Without the pictures, retype each line below exactly as it stands.
-------- Supplied data --------
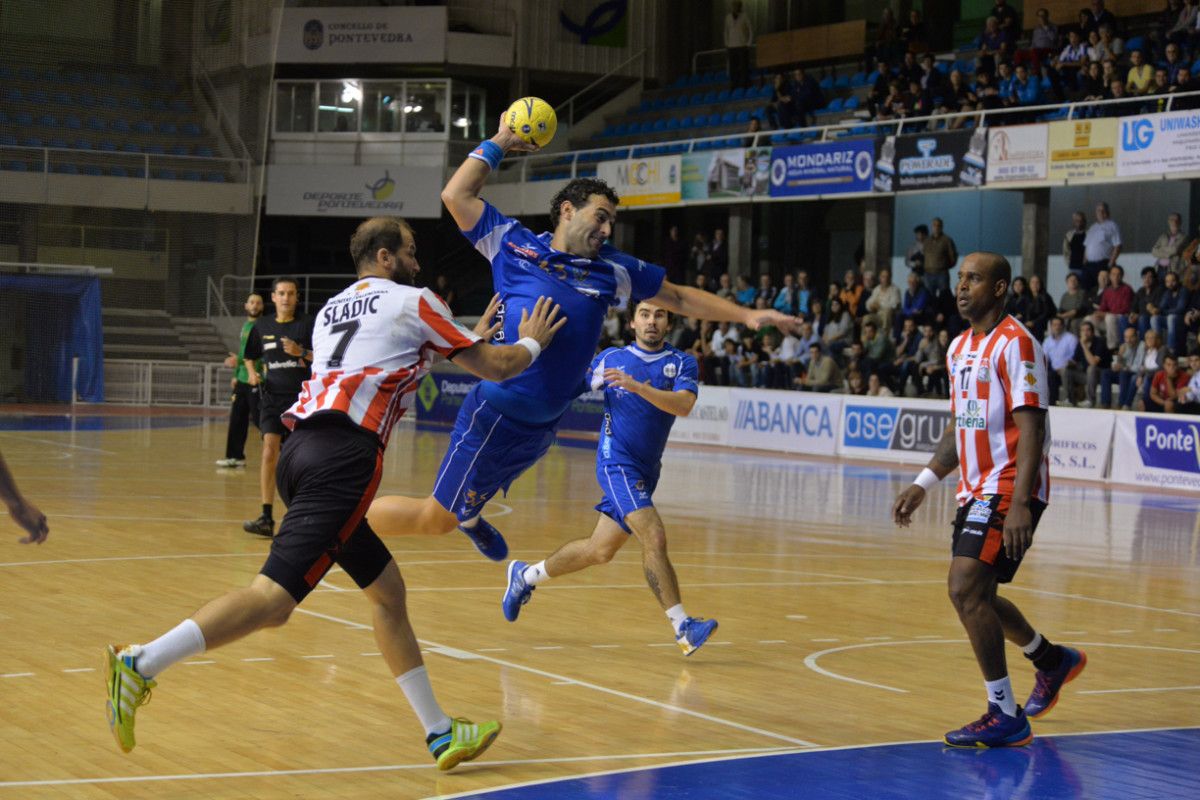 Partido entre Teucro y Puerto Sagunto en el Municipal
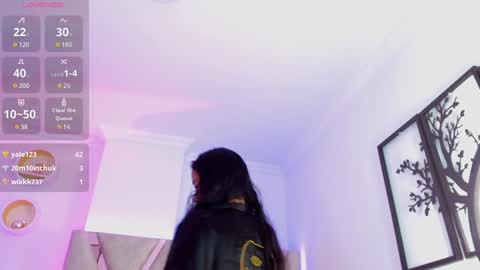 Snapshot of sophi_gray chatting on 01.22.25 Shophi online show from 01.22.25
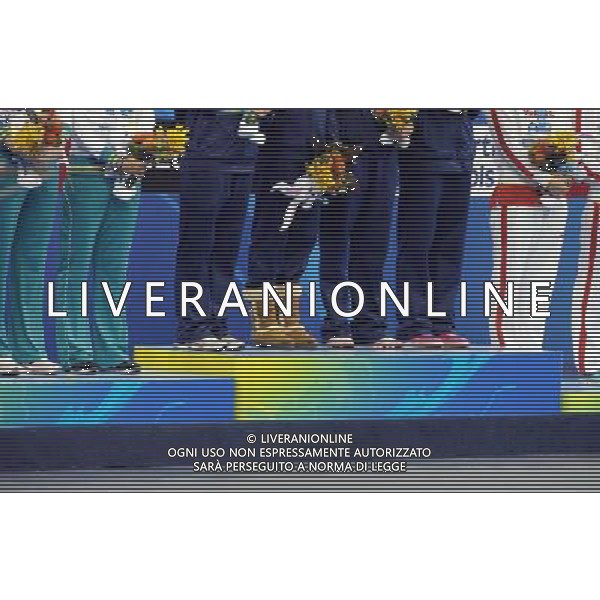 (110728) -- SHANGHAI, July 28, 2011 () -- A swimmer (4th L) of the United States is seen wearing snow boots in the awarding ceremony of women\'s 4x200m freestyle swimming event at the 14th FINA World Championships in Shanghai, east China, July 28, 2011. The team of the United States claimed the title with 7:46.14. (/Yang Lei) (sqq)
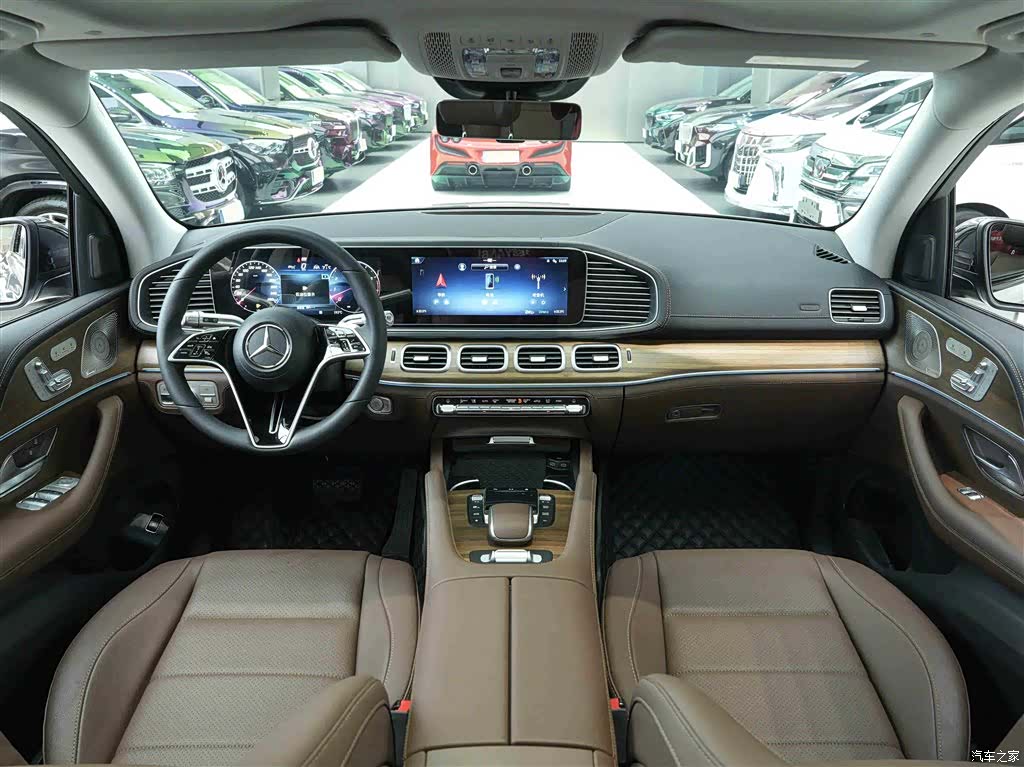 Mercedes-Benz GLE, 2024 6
--------
[Response to the exercise]:
 Partido entre Teucro y Puerto Sagunto en el Municipal
 Snapshot of sophi_gray chatting on 01.22.25 Shophi online show from 01.22.25
 (110728) -- SHANGHAI, July 28, 2011 () -- A swimmer (4th L) of the United States is seen wearing snow boots in the awarding ceremony of women\'s 4x200m freestyle swimming event at the 14th FINA World Championships in Shanghai, east China, July 28, 2011. The team of the United States claimed the title with 7:46.14. (/Yang Lei) (sqq)
 Mercedes-Benz GLE, 2024 6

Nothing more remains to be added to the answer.